* _PROVIDED MATERIAL_
^^^^^^^^
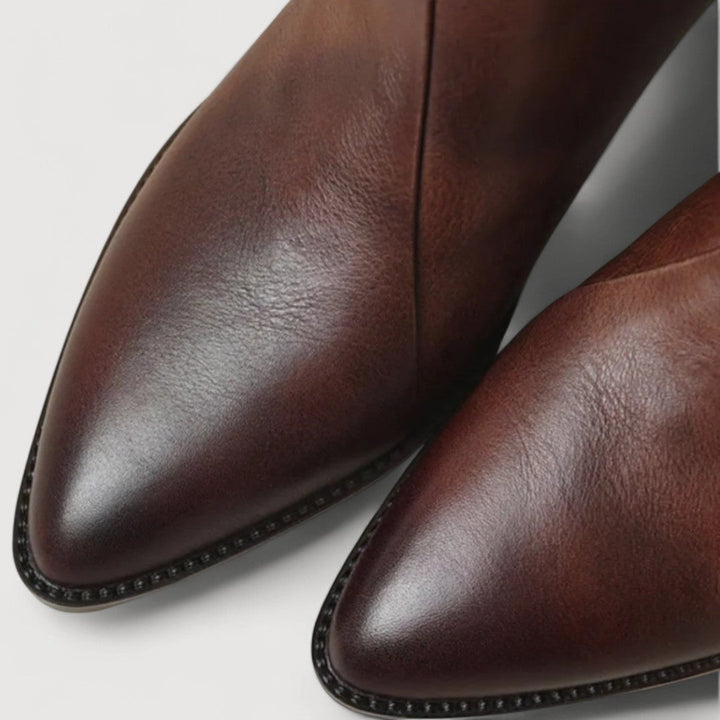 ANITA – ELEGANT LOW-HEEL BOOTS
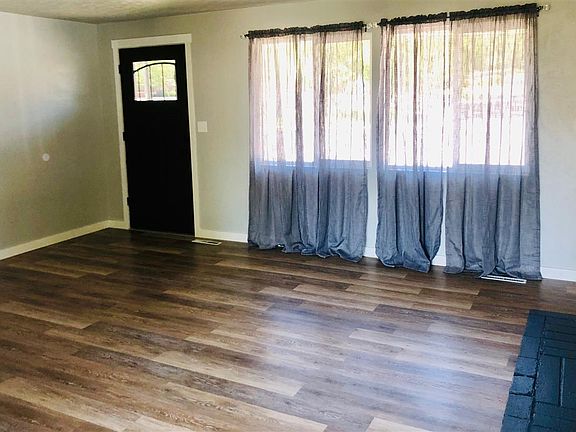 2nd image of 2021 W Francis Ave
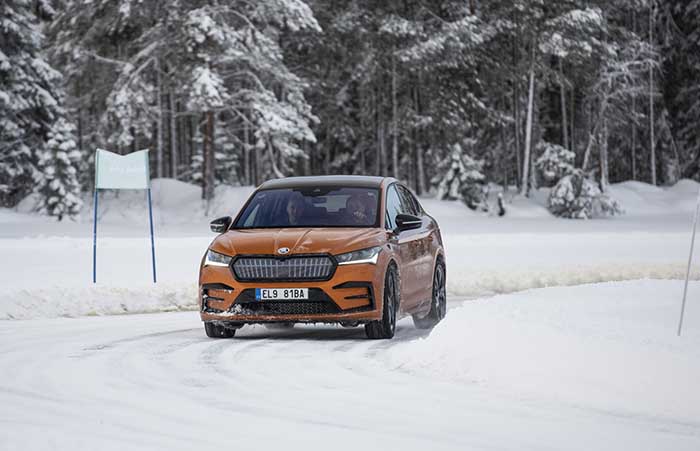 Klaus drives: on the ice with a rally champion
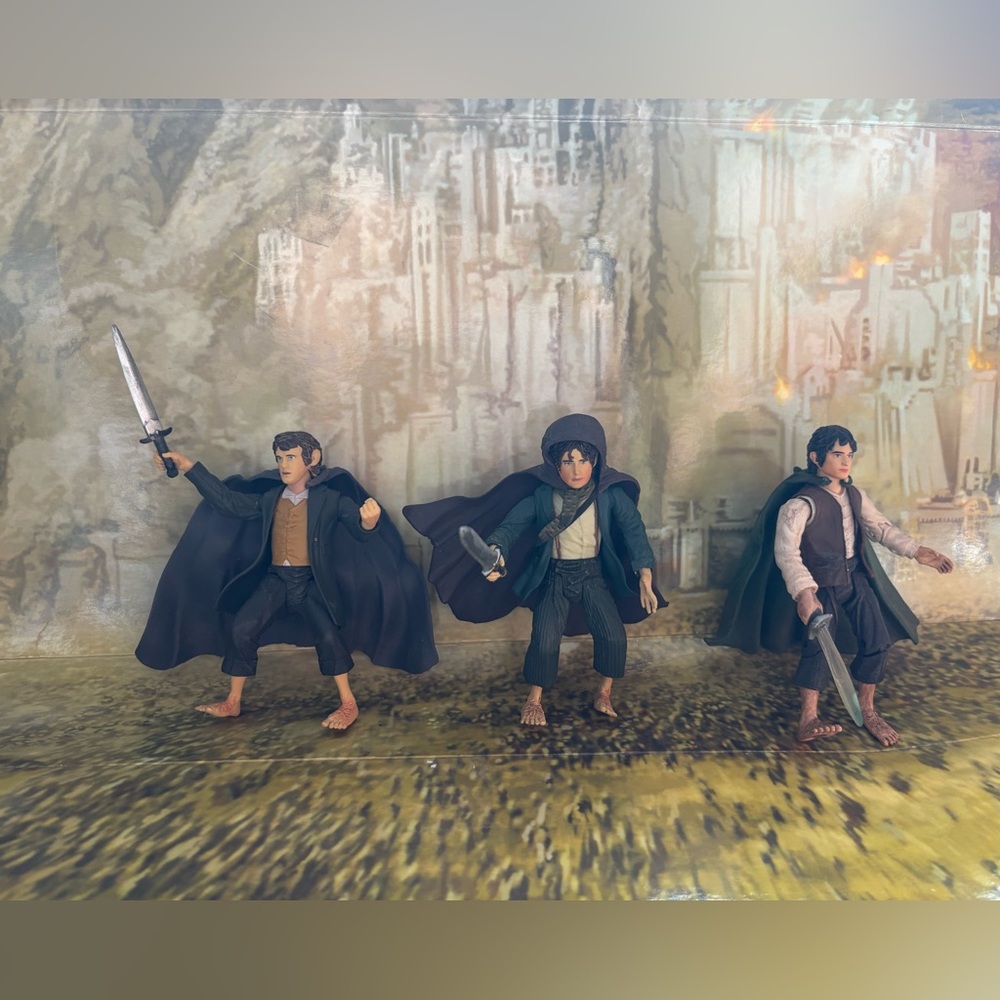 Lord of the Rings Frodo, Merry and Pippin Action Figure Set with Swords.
^^^^^^^^
* _EXERCISE PROMPT_
The expected answer is the listing above, duplicated exactly, with its pictures removed.

* _RESULT OF THIS EXERCISE_
 ANITA – ELEGANT LOW-HEEL BOOTS
 2nd image of 2021 W Francis Ave
 Klaus drives: on the ice with a rally champion
 Lord of the Rings Frodo, Merry and Pippin Action Figure Set with Swords.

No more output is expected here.